Checking the existing gaps and mismatches amidst an air of optimism for sustainable finance, this issue attempts to find out how STAGE and FIRST can play an important role in helping sustainable finance live up to its potential for enabling global sustainable development.
Between August and November 2020, leaders in China, Japan, South Korea and Hong Kong all announced specific dates by which to achieve carbon neutrality. These long-term targets are a welcome development as they give a clear signal that the region’s governments acknowledge the era of emissions of greenhouse gases must end and that a low carbon economy must be built as a key development plank.
However, this is just the beginning of the beginning.
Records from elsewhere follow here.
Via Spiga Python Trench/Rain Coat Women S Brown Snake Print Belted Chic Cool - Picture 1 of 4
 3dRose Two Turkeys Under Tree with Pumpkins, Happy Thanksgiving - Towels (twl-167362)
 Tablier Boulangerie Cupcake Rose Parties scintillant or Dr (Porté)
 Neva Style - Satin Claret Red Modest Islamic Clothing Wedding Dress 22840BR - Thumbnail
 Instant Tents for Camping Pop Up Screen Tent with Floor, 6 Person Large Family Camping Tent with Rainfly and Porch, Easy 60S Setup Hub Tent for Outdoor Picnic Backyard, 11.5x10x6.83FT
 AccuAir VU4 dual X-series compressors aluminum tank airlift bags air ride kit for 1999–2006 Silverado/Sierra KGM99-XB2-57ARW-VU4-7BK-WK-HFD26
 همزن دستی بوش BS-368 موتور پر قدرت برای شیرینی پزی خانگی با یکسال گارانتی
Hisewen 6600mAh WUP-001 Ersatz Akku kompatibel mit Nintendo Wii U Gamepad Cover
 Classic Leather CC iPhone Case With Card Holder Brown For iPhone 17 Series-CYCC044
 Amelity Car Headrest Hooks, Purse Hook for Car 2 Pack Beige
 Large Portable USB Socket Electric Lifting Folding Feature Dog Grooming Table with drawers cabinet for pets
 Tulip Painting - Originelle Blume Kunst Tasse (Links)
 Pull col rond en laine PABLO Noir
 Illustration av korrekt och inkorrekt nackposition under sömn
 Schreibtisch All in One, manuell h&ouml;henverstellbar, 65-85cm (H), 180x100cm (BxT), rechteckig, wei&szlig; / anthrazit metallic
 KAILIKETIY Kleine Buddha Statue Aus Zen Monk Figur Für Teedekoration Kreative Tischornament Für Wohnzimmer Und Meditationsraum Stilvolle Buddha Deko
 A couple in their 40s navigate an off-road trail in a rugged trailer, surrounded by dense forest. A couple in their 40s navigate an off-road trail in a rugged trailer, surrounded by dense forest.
Business and finance in Hong Kong and Singapore should take heed of the likely sets of new rules and regulations and also be prepared to participate in action plan frameworks developed by their government for a safer, healthier and fairer future for all sectors of the society.
This issue also attempts to identify the challenges arising from the path to zero emissions for the government of China, Hong Kong and Singapore.
The property sector is responsible for approximately one-third of global greenhouse gas emissions and 40% of global energy consumption. This development drives growing interest from global real estate investors to integrate sustainability into their investment process. The Solactive CarbonCare Asia Pacific Green REIT Index, co-developed by Carbon Care Asia and Solactive, is the first of its kind to close this gap and allow investors to identify companies which demonstrate strong sustainability performance and commitments to meet the carbon reduction targets set out in the Paris Climate Agreement.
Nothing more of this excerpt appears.